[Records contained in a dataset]

● ● ●

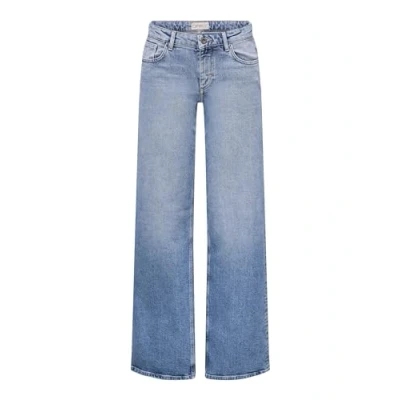 Abbildung von ONLY Onlwest HW Carpenter STR Jeans Straight Leg, Damen, Größe: 25x30, Medium blue denim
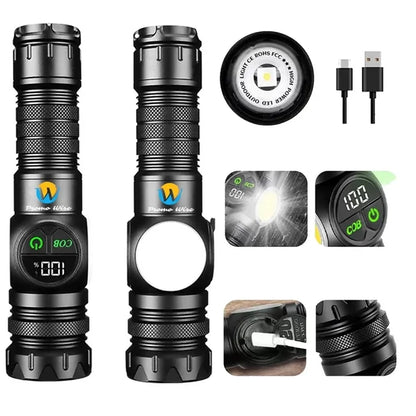 Multifunctional LED Magnetic Waterproof Flashlight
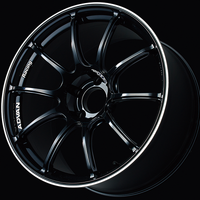 Advan RZII 16x7.0 / +48 Offset / 5x100 / 63mm Bore / Racing Gloss Black and Ring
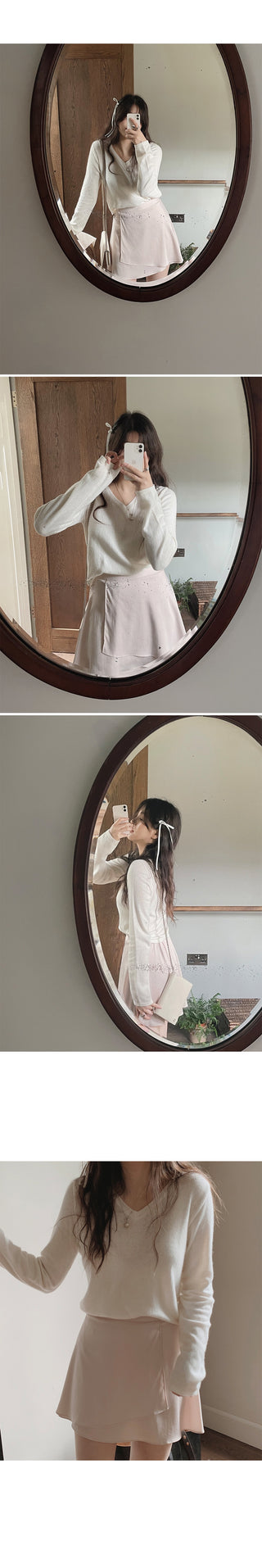 (U/V neck) wool knit - 6 colors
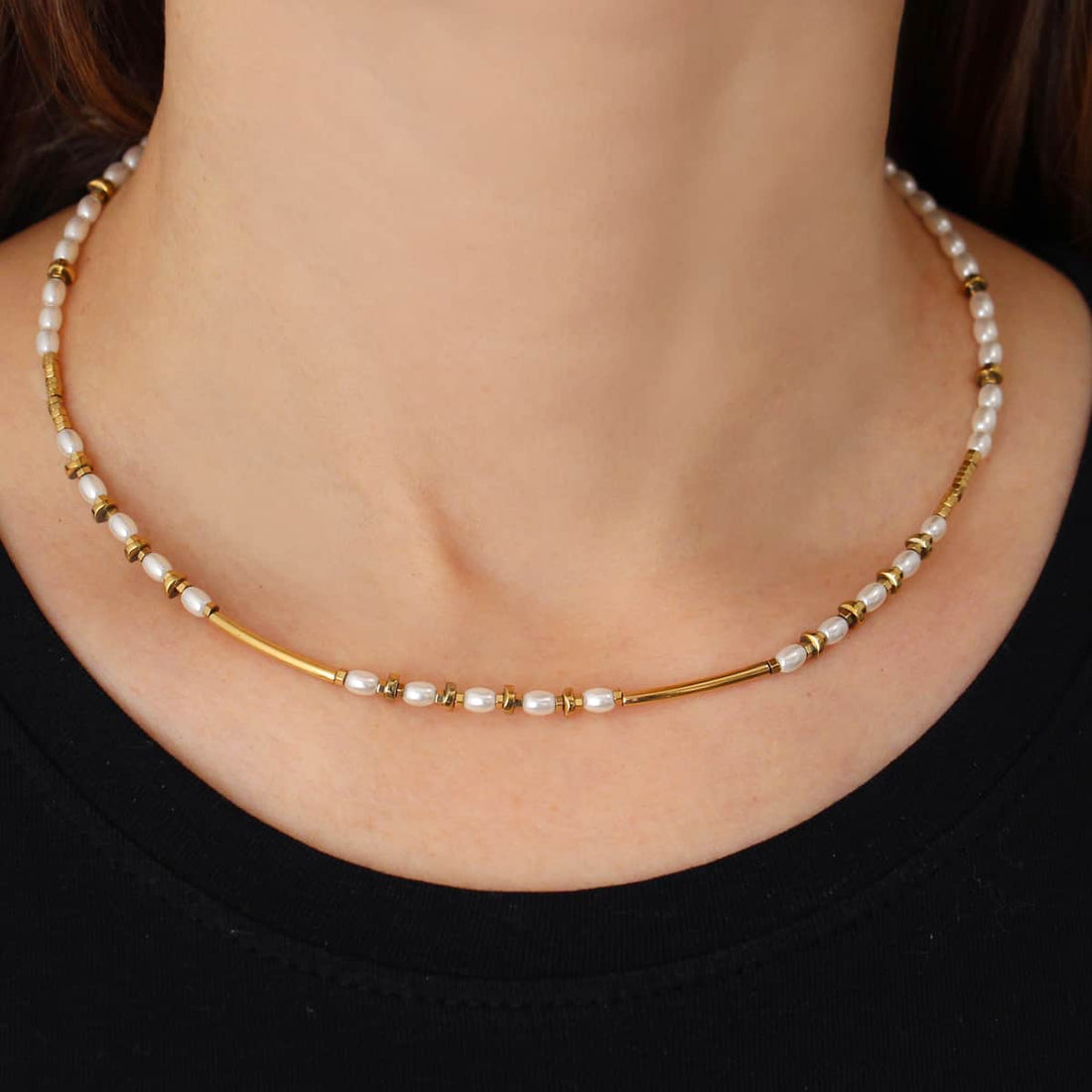 Collar Renclí Dorado Anartxy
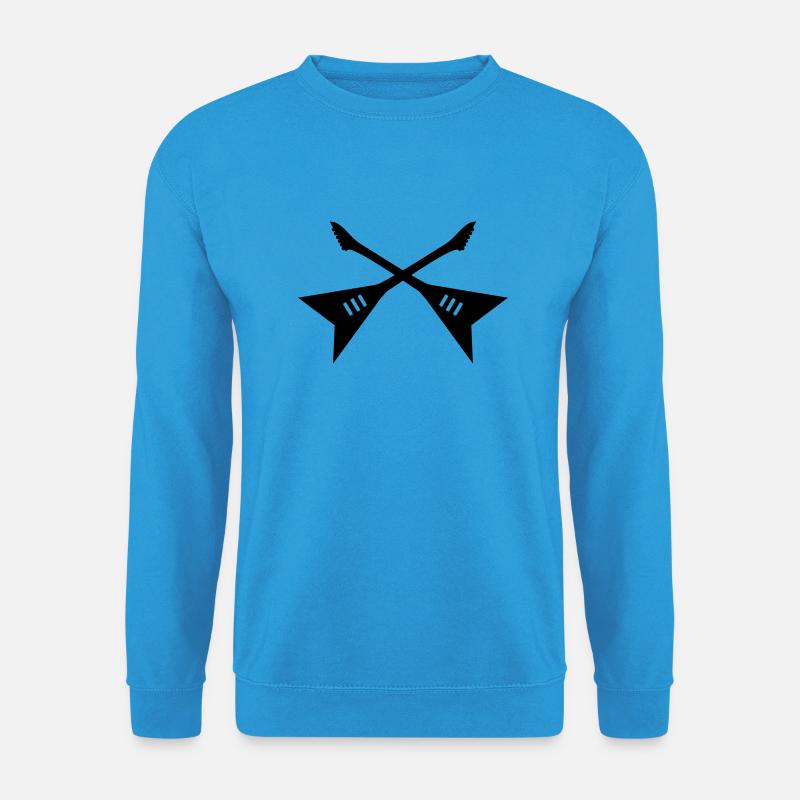 gitarren - Unisex Pullover - Meeresblau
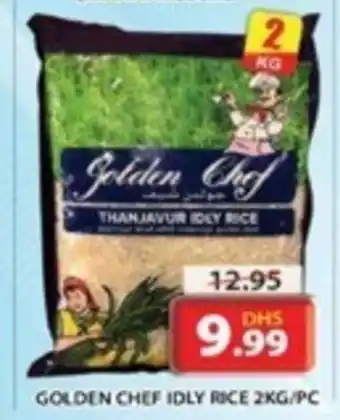 Grand Hyper Market GOLDEN CHEF IDLY RICE 2KG offer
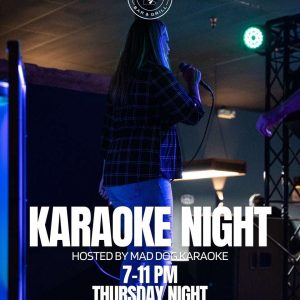 Flyer for Karaoke night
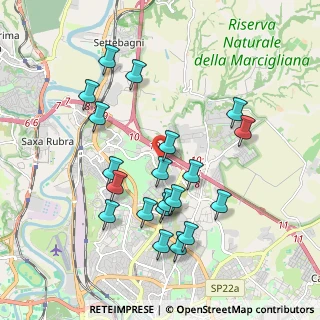 Mappa Via Randone Salvatore, 00100 Roma RM, Italia (2.021)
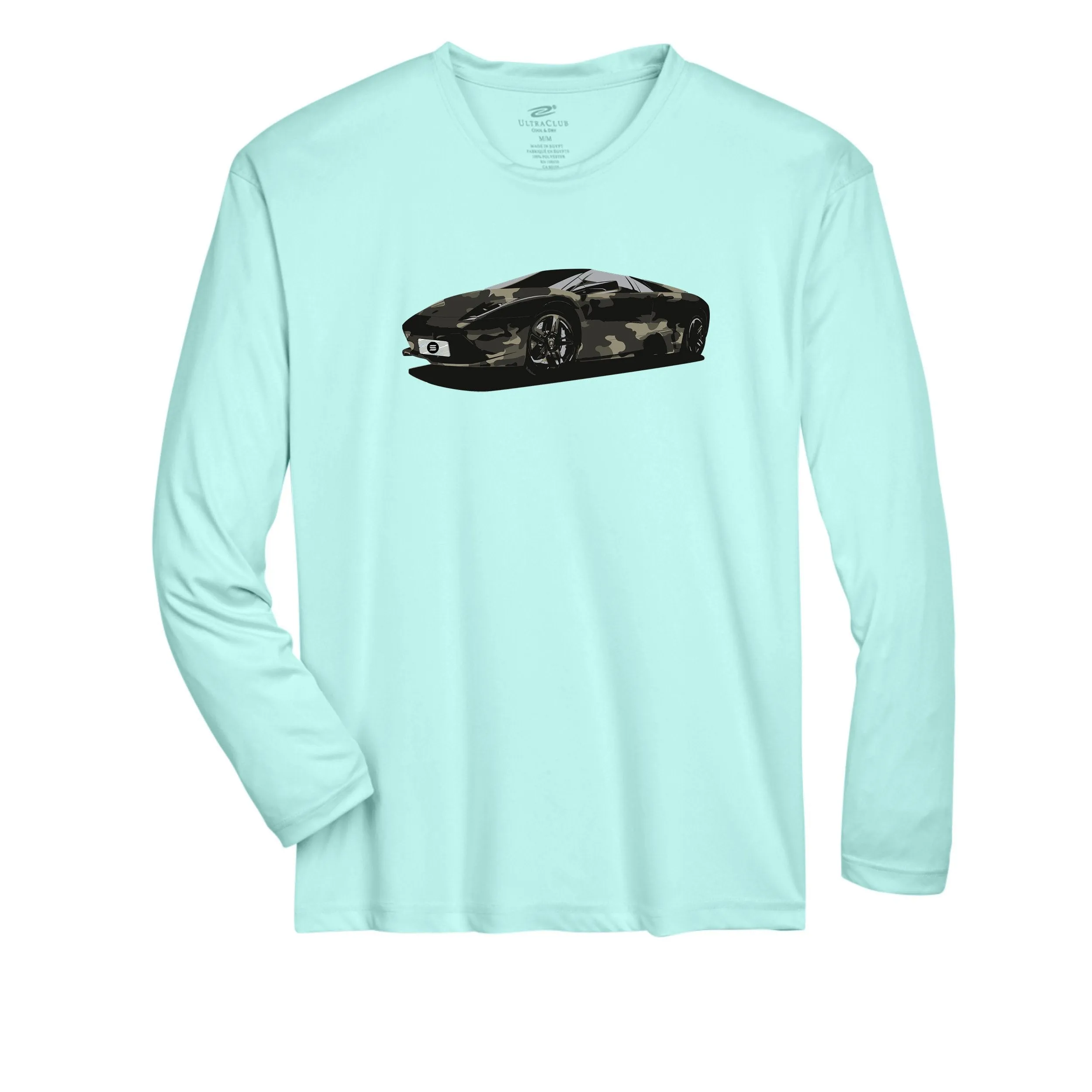Solana Crypto Lambo 365 Performance Long Sleeve Shirts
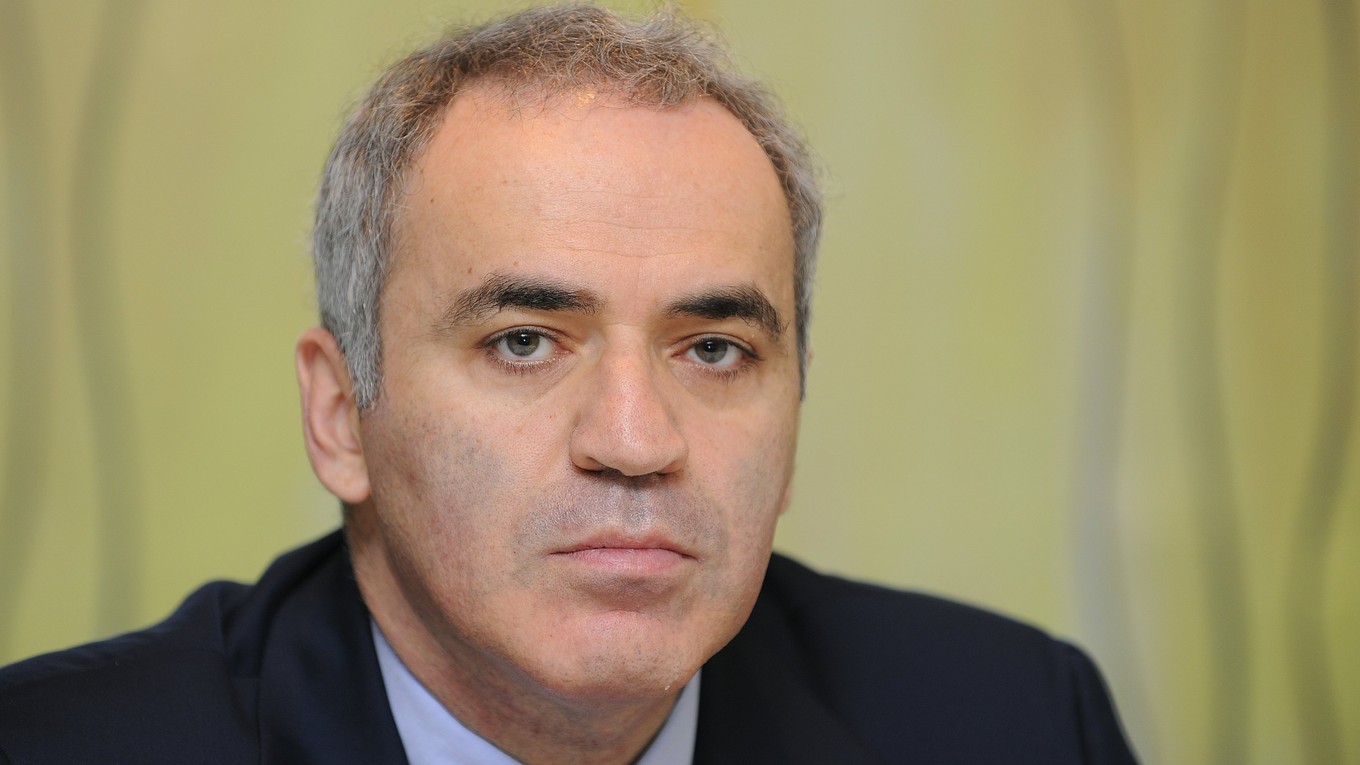 Bývalý majster sveta v šachu Garry Kasparov.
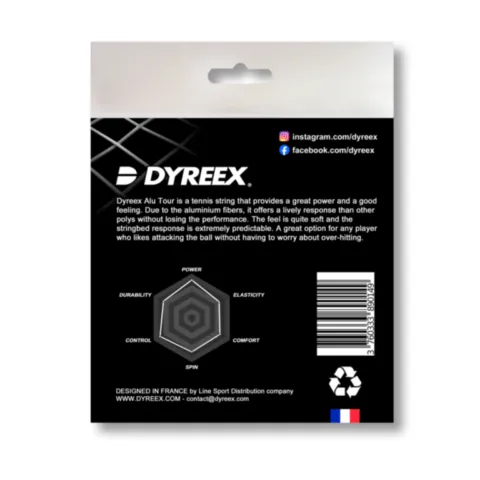 Dyreex Alu Tour monofilament tennis string 200 m. for professionnal or adult players power and cntrol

● ● ●

▸ Action item
Only the lines from the line holding "Solana Crypto Lambo" through the last line above belong in the answer, repeated exactly; the pictures do not.

▸ Output for this task
Solana Crypto Lambo 365 Performance Long Sleeve Shirts
 Bývalý majster sveta v šachu Garry Kasparov.
 Dyreex Alu Tour monofilament tennis string 200 m. for professionnal or adult players power and cntrol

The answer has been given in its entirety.